Pictures stay out of the copy. Repeat exactly the lines from the first entry below through the line that contains "Unbreakable plastic water", and nothing beyond.

(Listed entries begins)

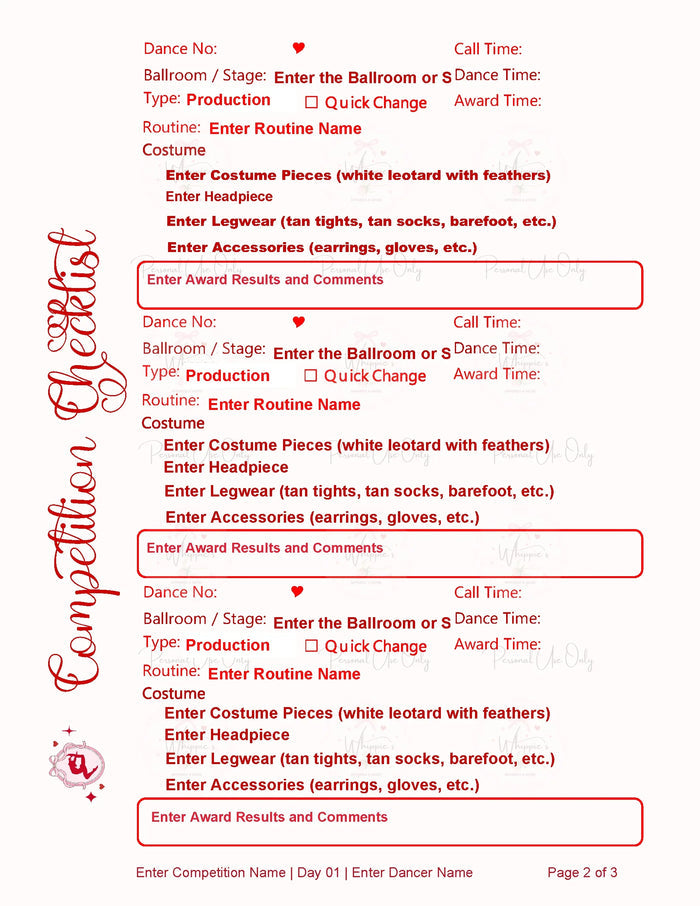 Template for a dance competition checklist with red text on a white background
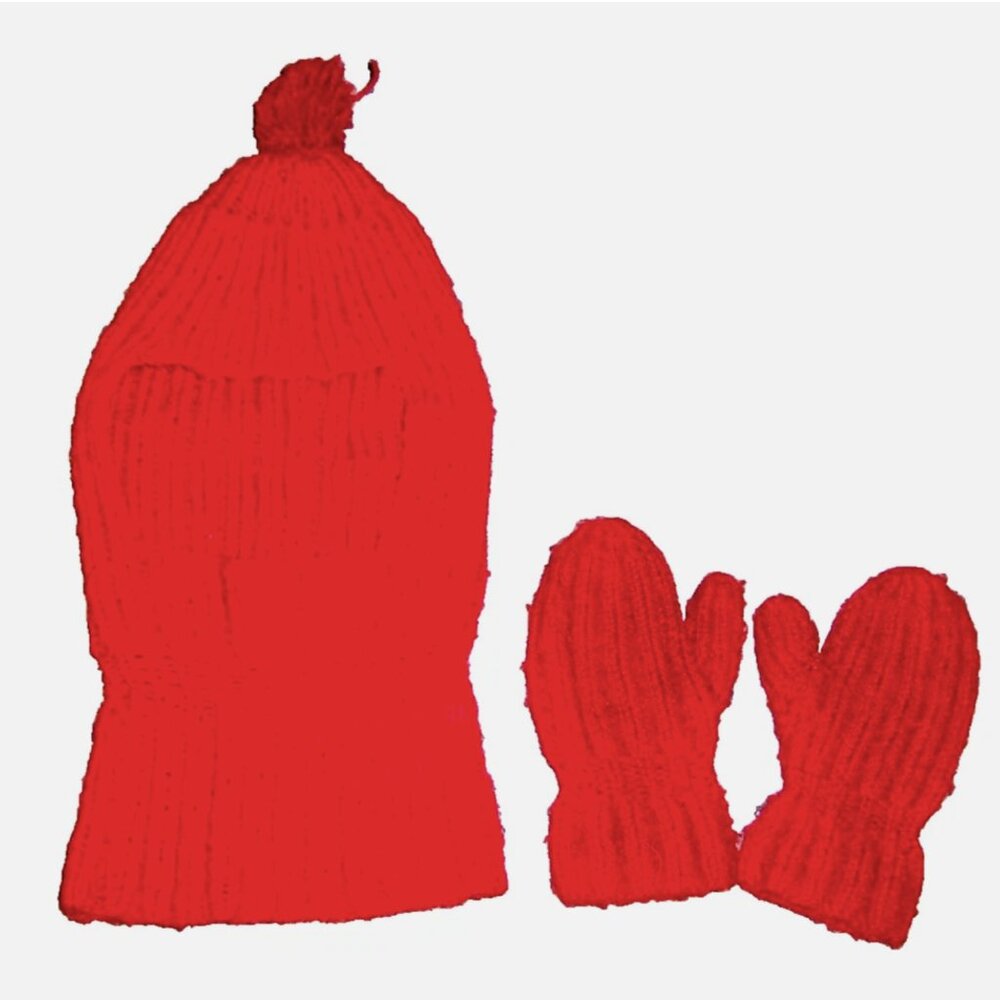 Vintage 70s Kids Knit Ski Face Mask and Mittens Set Handmade Red Unisex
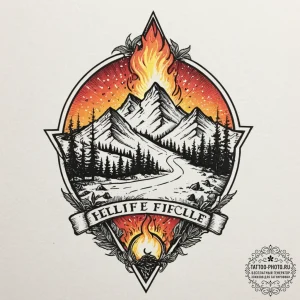 A linework tattoo of eddie munson's "hellfire... - эскиз тату (№1752260075_0, 11.07.2025 18:54) — tattoo-photo.ru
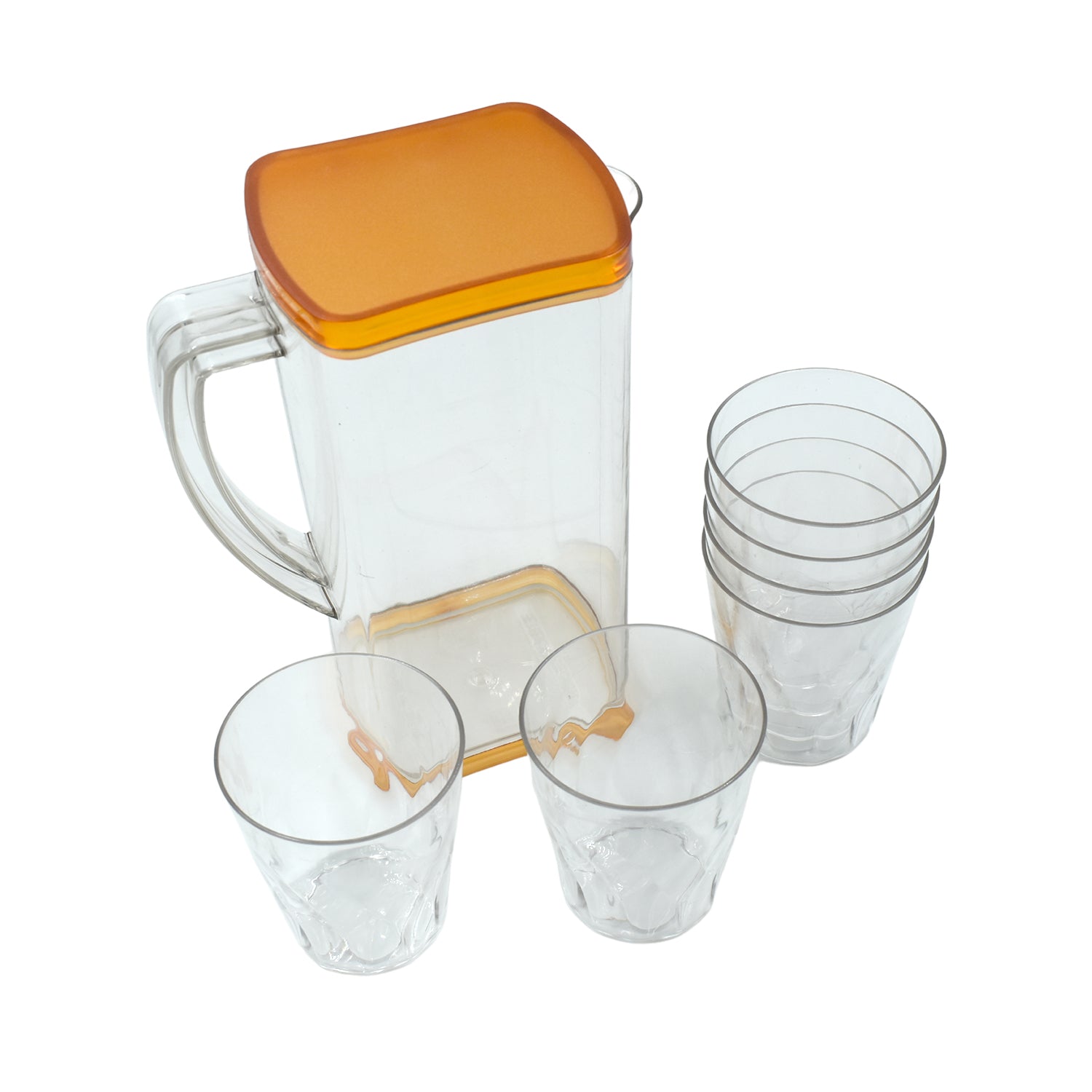 Unbreakable plastic water jug with plastic lid, suitable for various drinks.
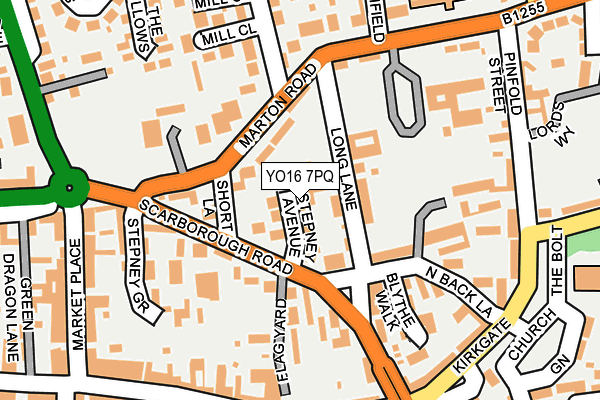 YO16 7PQ map - OS OpenMap – Local (Ordnance Survey)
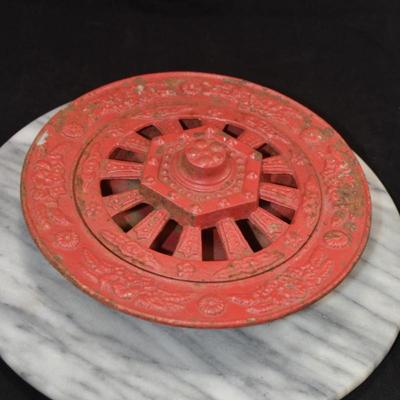Vintage Cast Iron 2 Piece Ashtray, China 8.5”x8.5”x3”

(Listed entries ends)

→ **Response box**:
 Template for a dance competition checklist with red text on a white background
 Vintage 70s Kids Knit Ski Face Mask and Mittens Set Handmade Red Unisex
 A linework tattoo of eddie munson's "hellfire... - эскиз тату (№1752260075_0, 11.07.2025 18:54) — tattoo-photo.ru
 Unbreakable plastic water jug with plastic lid, suitable for various drinks.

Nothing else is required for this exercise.